State-owned India Infrastructure Finance Company (IIFCL), the company to provide a long-term financial assistance to infrastructure Projects, is likely to tap debt market in late December or early January to raise Rs 30,000 crore through tax-free bonds, Chairman and Managing Director of IIFCL SS Kohli told leading news agency.

“We are confident of disbursing Rs 10,000 crore raised during February-March by October-end. We may start issuing the second tranche of tax-free bonds to raise Rs 30,000 crore by December,” said Mr Kohli.

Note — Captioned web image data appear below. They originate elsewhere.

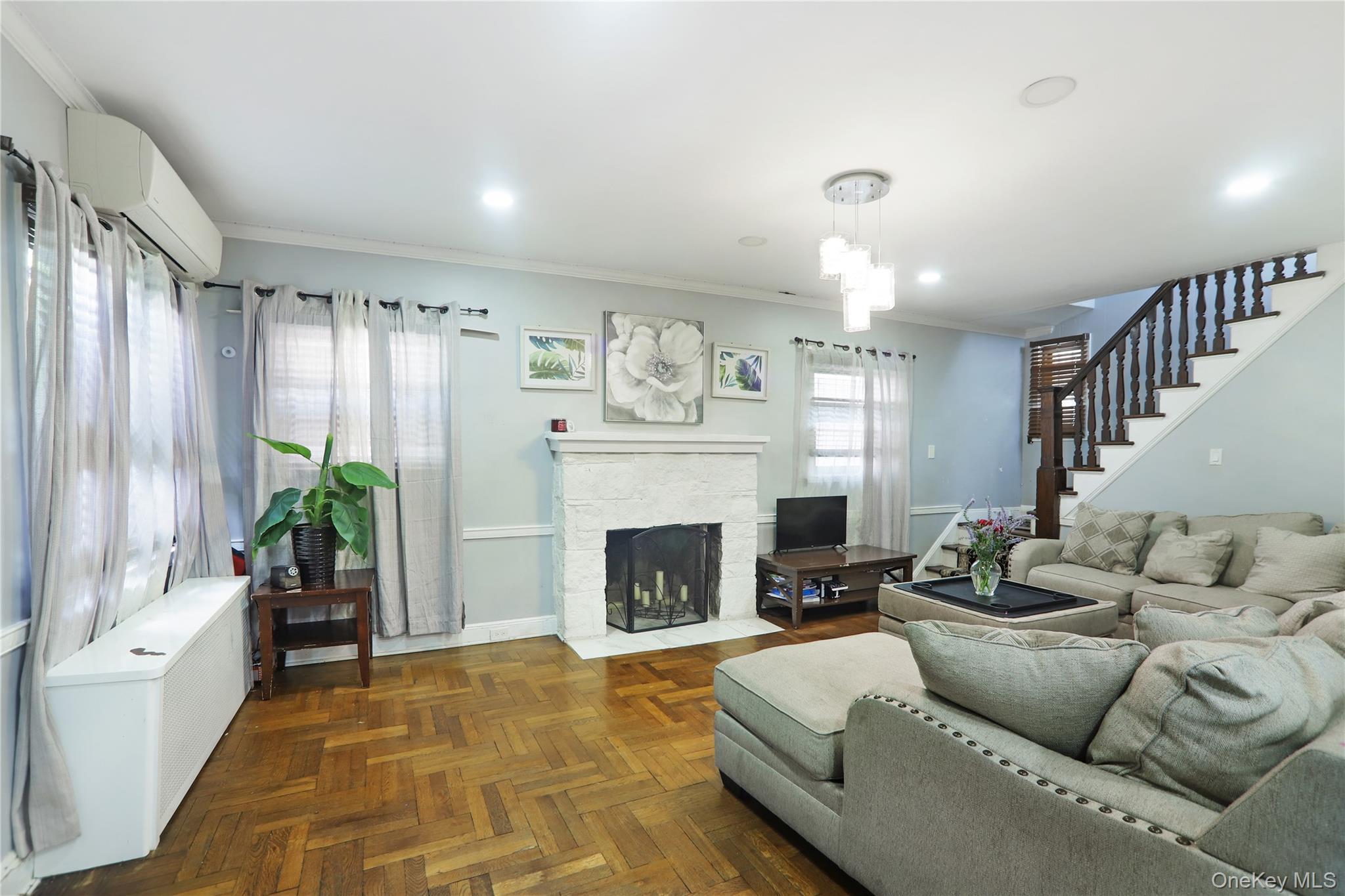 Single Family 222nd Queens, NY 11411, MLS-1007366-2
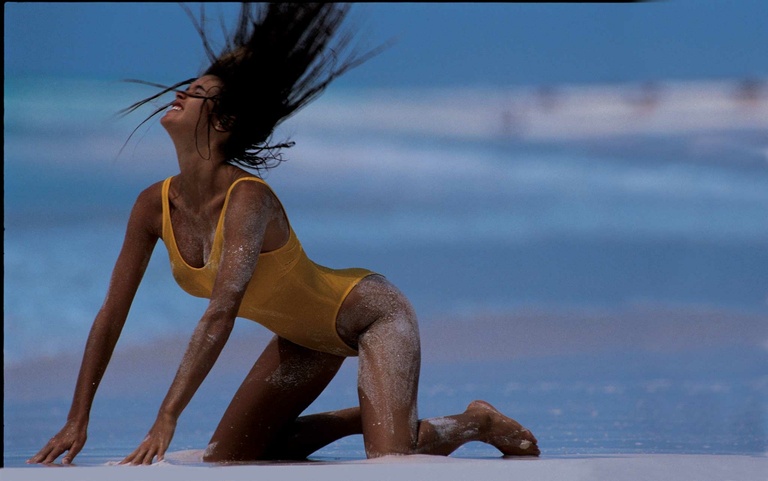 Oana Ivan Gallery - GBE_0008_Gilles Bensimon - ELLE MACPHERSON 1986.jpg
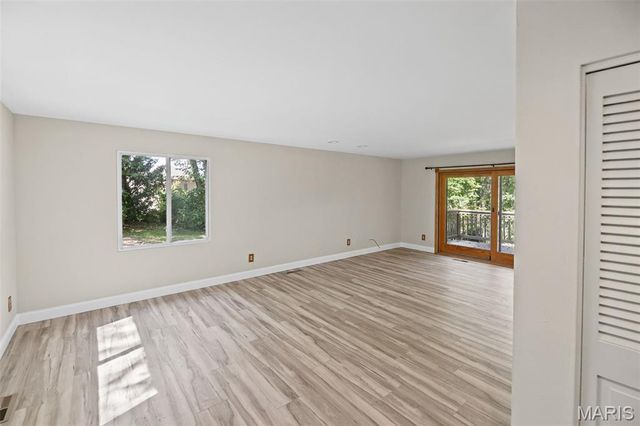 2 Country Hill Lane, Belleville, IL 62221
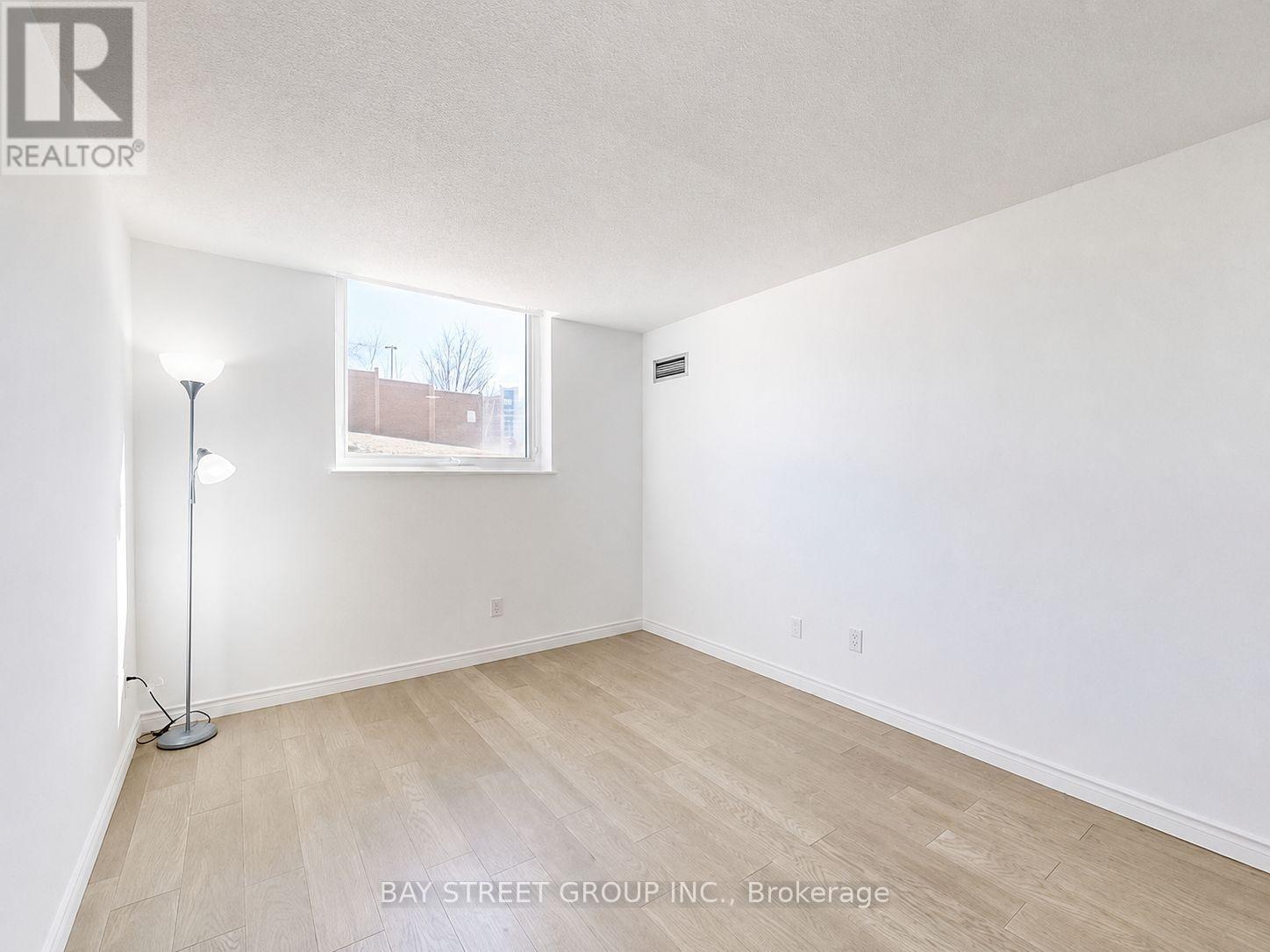 102 - 326 Major Mackenzie Drive E, Richmond Hill, Ontario  L4C 8T4 - Photo 5 - N13588166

As part of the first stimulus package, IIFCL was earlier allowed to raise Rs 10,000 crore through tax-free bonds for refinancing long-term bank lending to infrastructure projects that are public-private partnerships (PPP). As per the conditions laid down by the government, the next tranche of Rs 30,000 crore can be raised only after the disbursal of the earlier fund.

Disbursal of the Rs 10,000 crore, which will help in funding PPP projects of about Rs 25,000 crore, got delayed as it could be done only after financial closure. The general elections also affected the clearances of PPP projects.

Raising Rs 30,000 crore through tax-free bonds means refinancing projects worth Rs 1,00,000 crore.

Banks are not able to lend for a long-term due to an asset-liability mismatch. “Many of these projects had hit road blocks due to regulatory hurdles. On account of elections, PPP projects were not given clearances for three months. Now with a stable government at the centre focusing more on implementation, I am expecting financial closures of more projects to take place soon,” said Mr Kohli.

IIFCL which started operation in April 2006 has sanctioned 106 projects involving a loan amount of Rs 18,414 crore in three years till May 31, 2009.